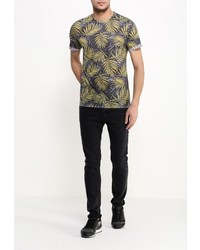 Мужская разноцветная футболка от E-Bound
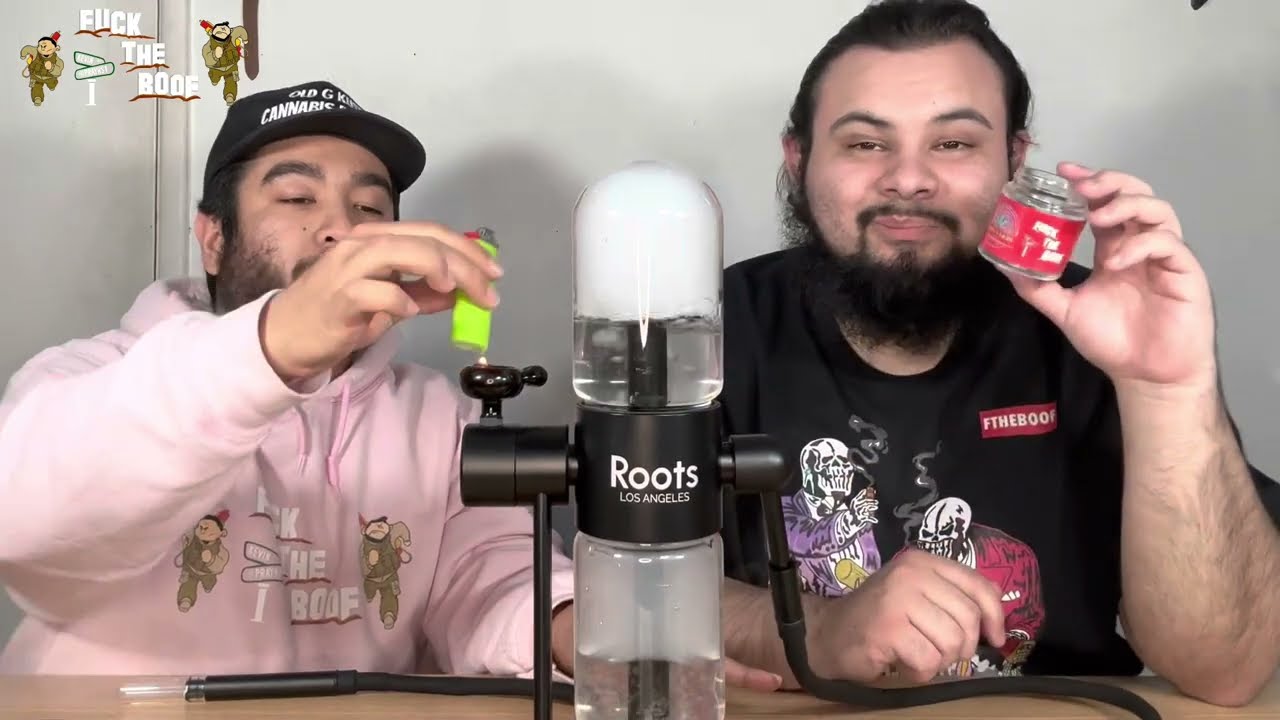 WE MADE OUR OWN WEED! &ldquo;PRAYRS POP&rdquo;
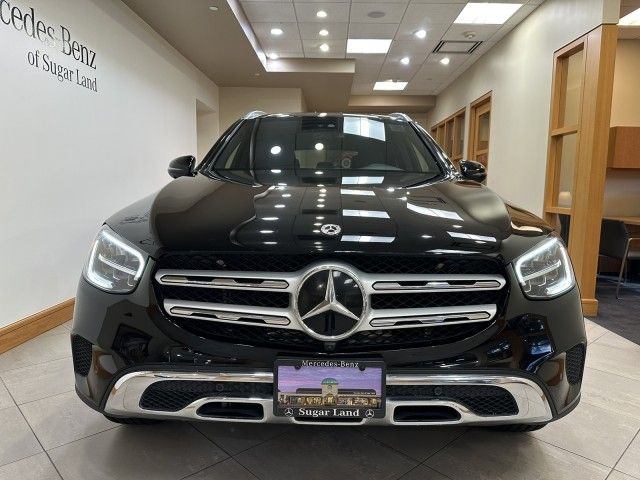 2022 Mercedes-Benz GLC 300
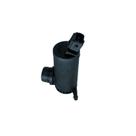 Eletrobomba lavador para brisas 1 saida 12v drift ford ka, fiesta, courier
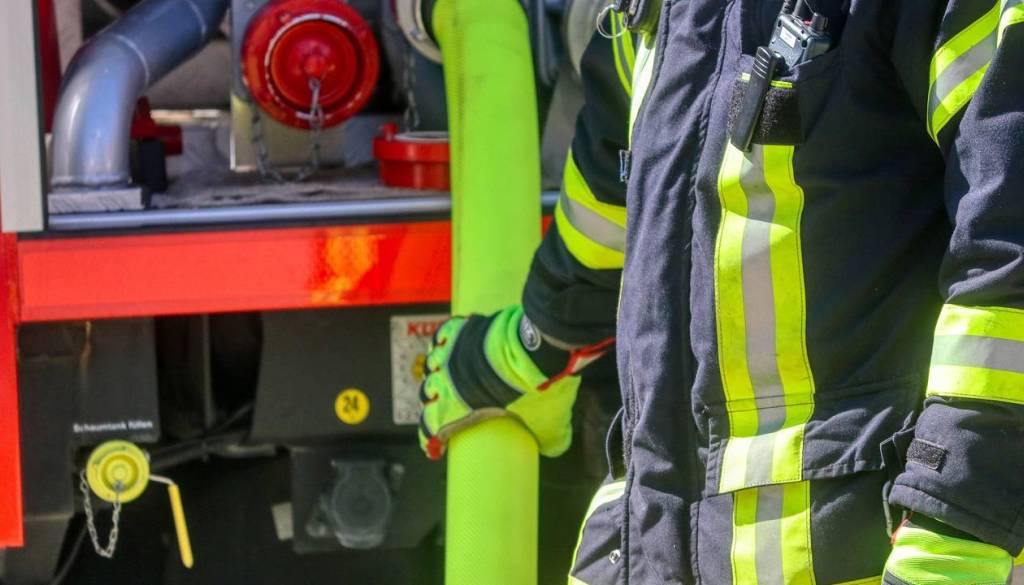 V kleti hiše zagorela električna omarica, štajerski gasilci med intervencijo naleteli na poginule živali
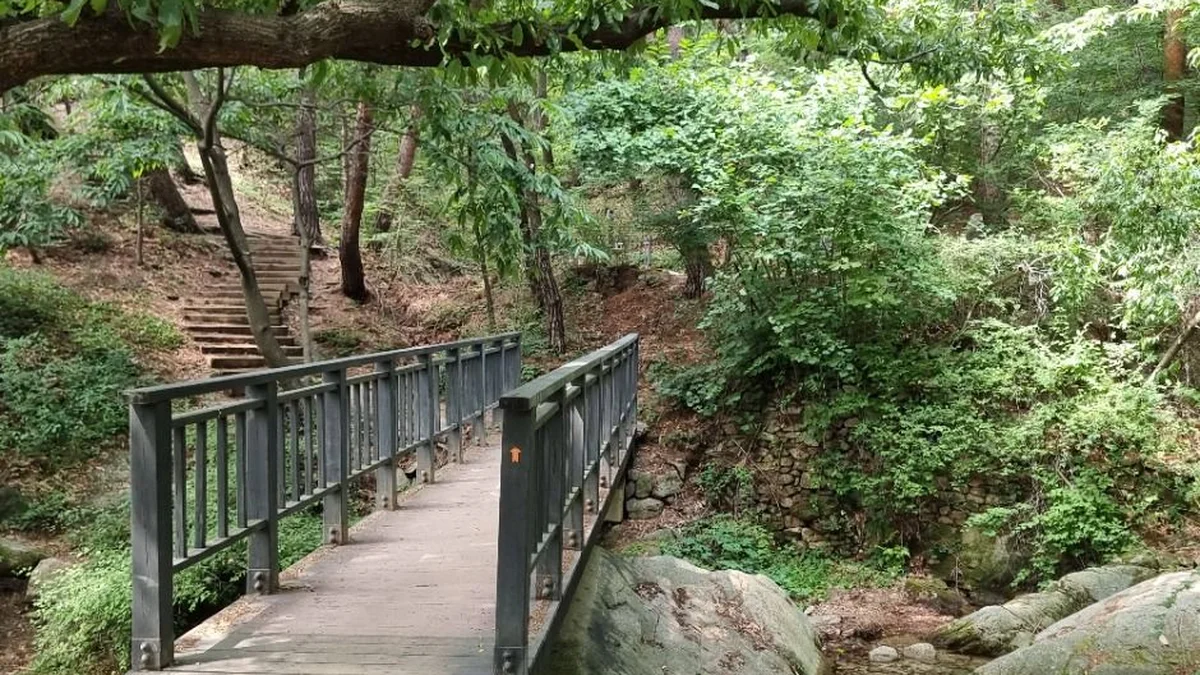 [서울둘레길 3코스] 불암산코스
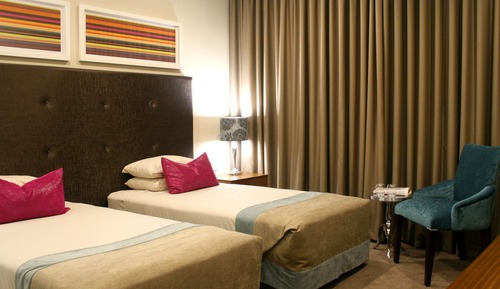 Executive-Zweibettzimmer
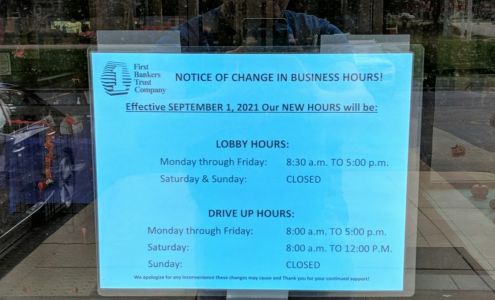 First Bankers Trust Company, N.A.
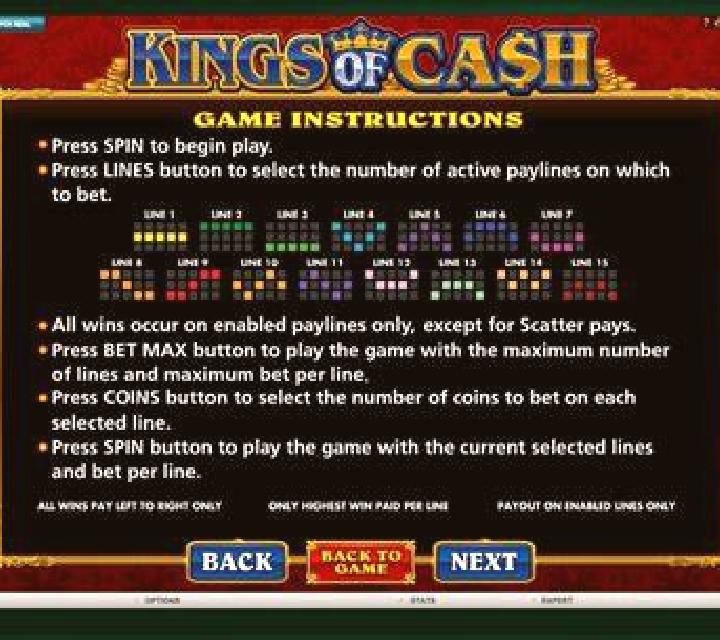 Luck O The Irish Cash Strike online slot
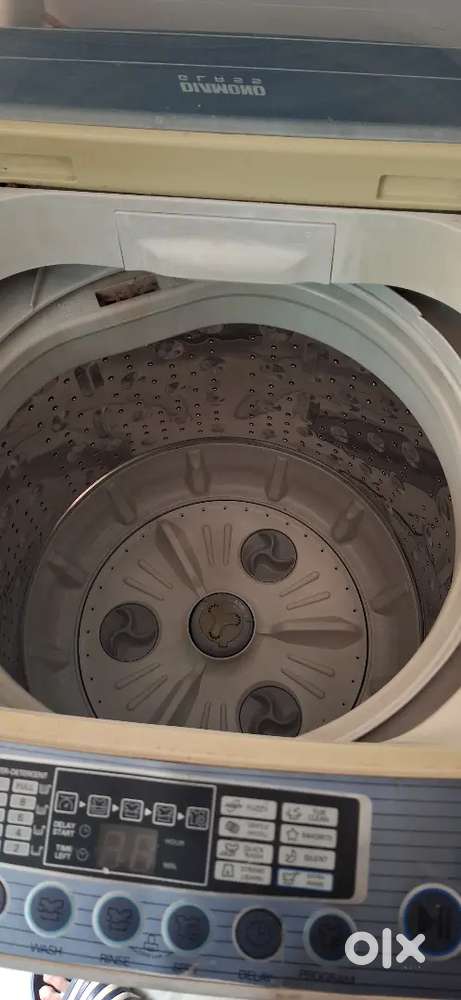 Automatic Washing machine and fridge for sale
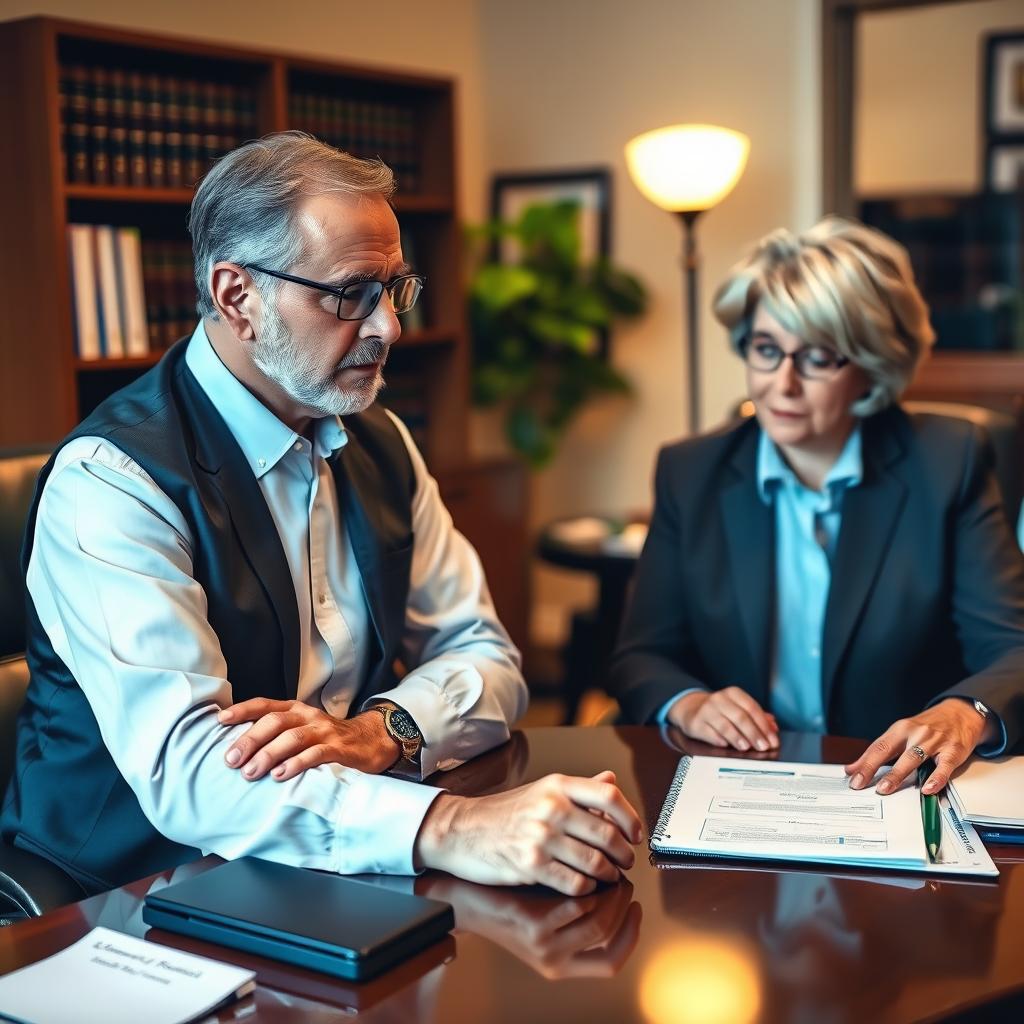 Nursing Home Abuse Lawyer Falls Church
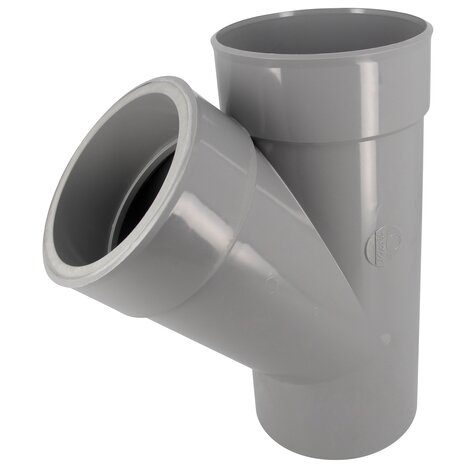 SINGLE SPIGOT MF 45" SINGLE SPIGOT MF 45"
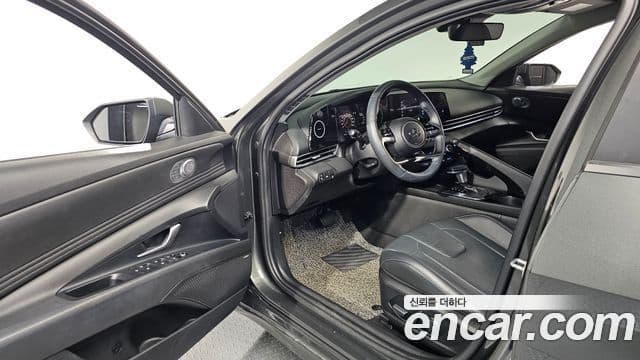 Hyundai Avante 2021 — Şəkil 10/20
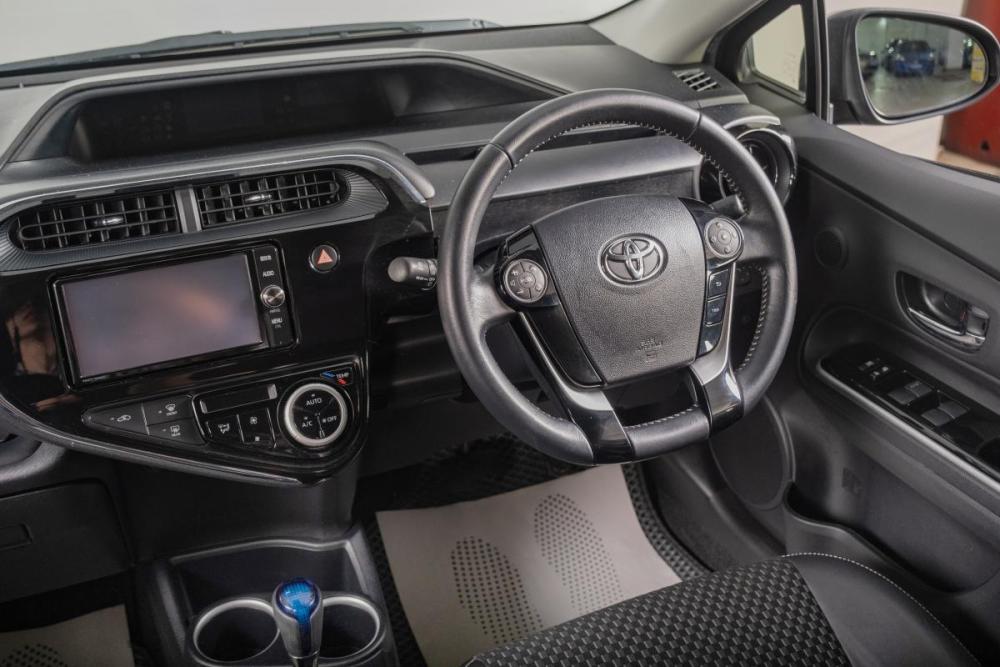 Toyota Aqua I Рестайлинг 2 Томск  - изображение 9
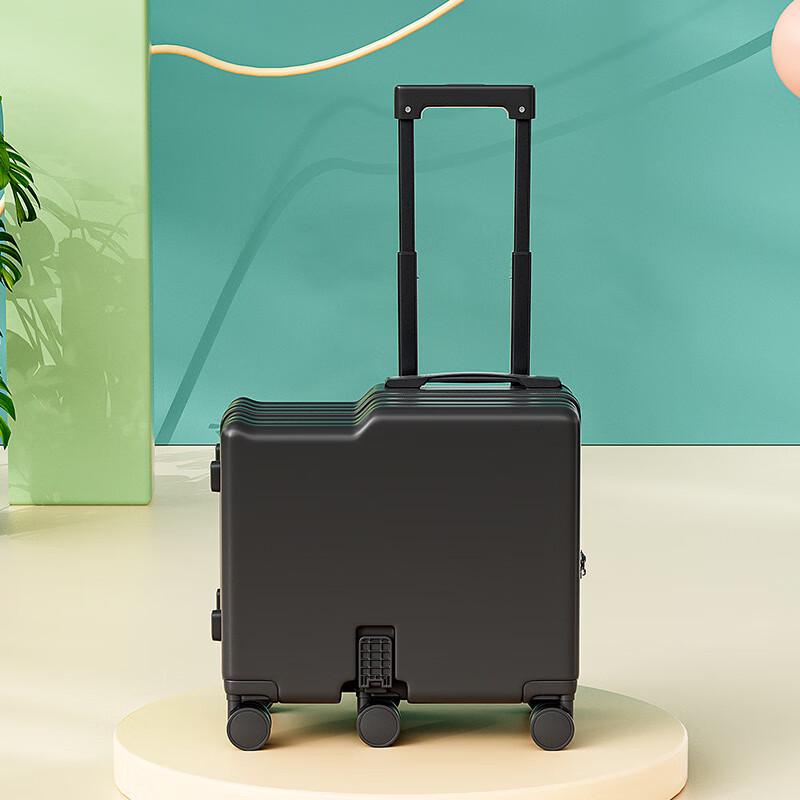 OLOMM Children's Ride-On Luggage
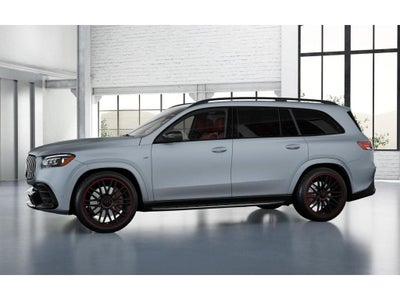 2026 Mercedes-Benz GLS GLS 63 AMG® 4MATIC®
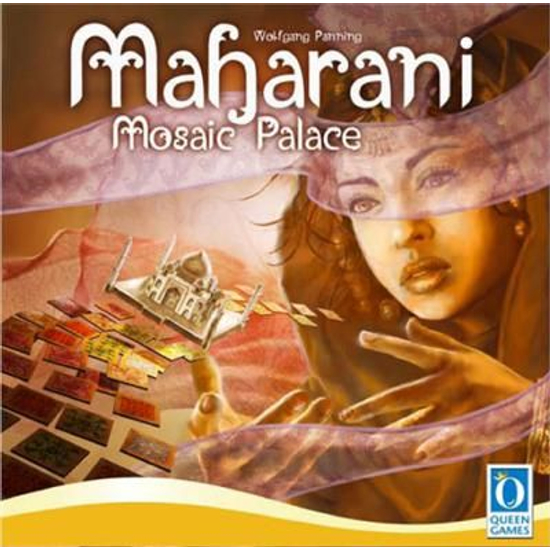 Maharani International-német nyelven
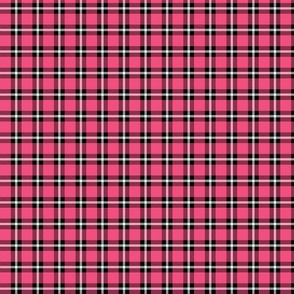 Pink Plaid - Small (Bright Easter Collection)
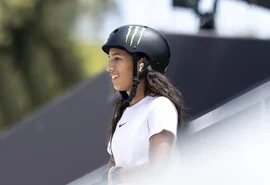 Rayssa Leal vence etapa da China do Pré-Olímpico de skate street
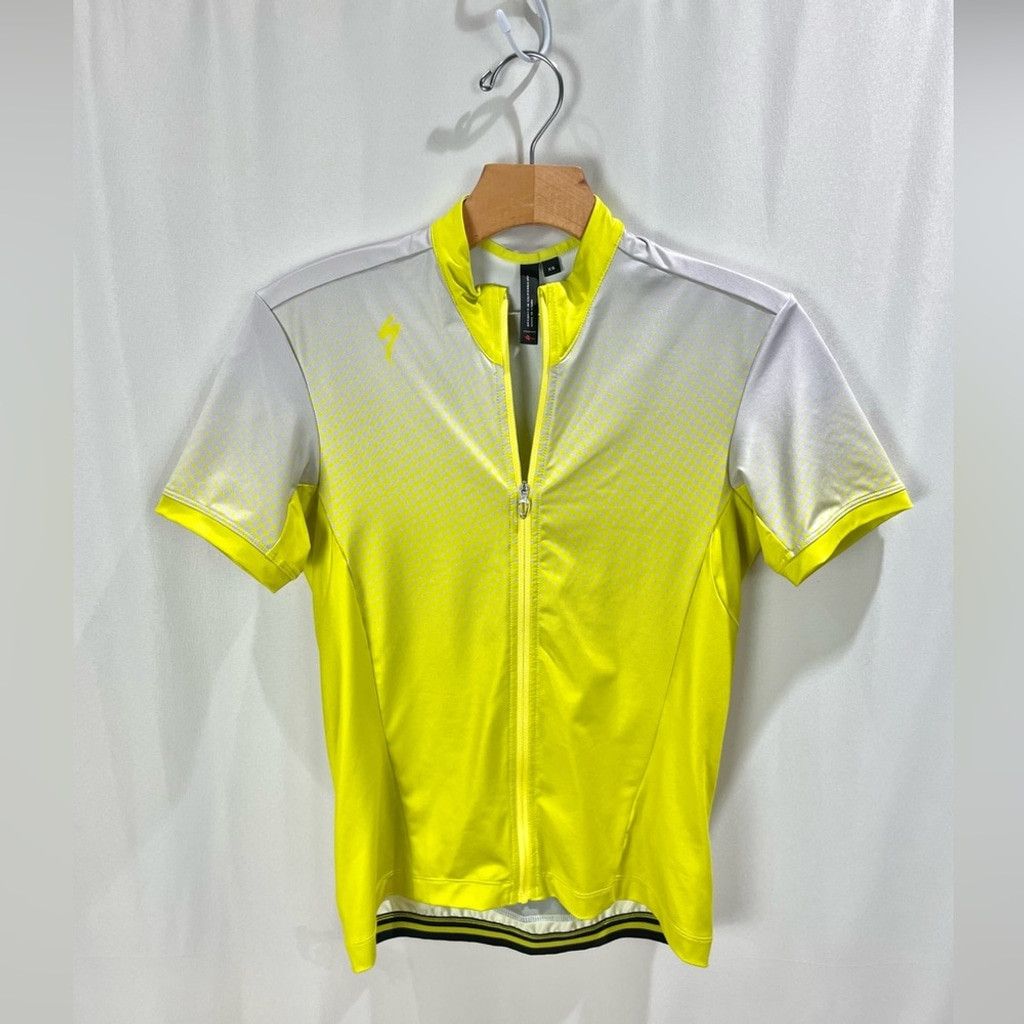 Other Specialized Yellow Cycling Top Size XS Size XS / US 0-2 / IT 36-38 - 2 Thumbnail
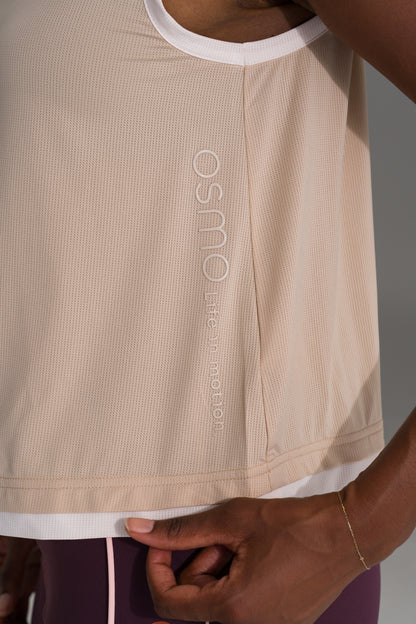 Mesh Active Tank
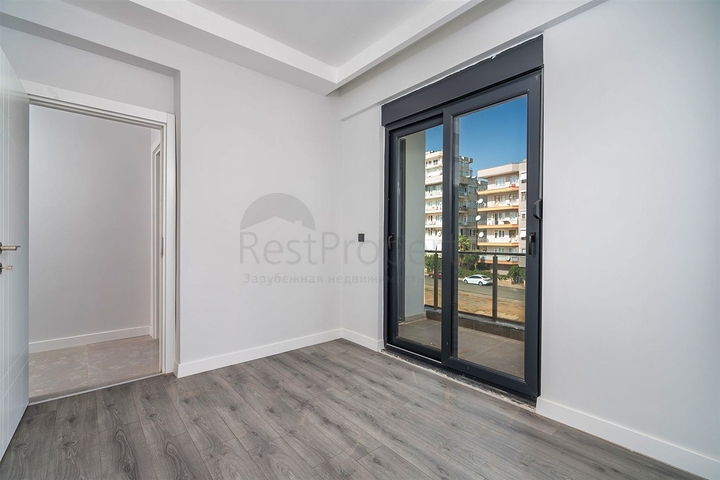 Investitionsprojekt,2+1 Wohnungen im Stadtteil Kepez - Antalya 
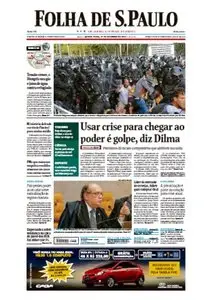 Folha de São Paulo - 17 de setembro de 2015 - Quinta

WHAT YOU HAVE TO DO
Print all the lines above exactly as they are, but without the pictures.

EXERCISE OUTPUT
 Мужская разноцветная футболка от E-Bound
 WE MADE OUR OWN WEED! &ldquo;PRAYRS POP&rdquo;
 2022 Mercedes-Benz GLC 300
 Eletrobomba lavador para brisas 1 saida 12v drift ford ka, fiesta, courier
 V kleti hiše zagorela električna omarica, štajerski gasilci med intervencijo naleteli na poginule živali
 [서울둘레길 3코스] 불암산코스
 Executive-Zweibettzimmer
 First Bankers Trust Company, N.A.
 Luck O The Irish Cash Strike online slot
 Automatic Washing machine and fridge for sale
 Nursing Home Abuse Lawyer Falls Church
 SINGLE SPIGOT MF 45" SINGLE SPIGOT MF 45"
 Hyundai Avante 2021 — Şəkil 10/20
 Toyota Aqua I Рестайлинг 2 Томск  - изображение 9
 OLOMM Children's Ride-On Luggage
 2026 Mercedes-Benz GLS GLS 63 AMG® 4MATIC®
 Maharani International-német nyelven
 Pink Plaid - Small (Bright Easter Collection)
 Rayssa Leal vence etapa da China do Pré-Olímpico de skate street
 Other Specialized Yellow Cycling Top Size XS Size XS / US 0-2 / IT 36-38 - 2 Thumbnail
 Mesh Active Tank
 Investitionsprojekt,2+1 Wohnungen im Stadtteil Kepez - Antalya 
 Folha de São Paulo - 17 de setembro de 2015 - Quinta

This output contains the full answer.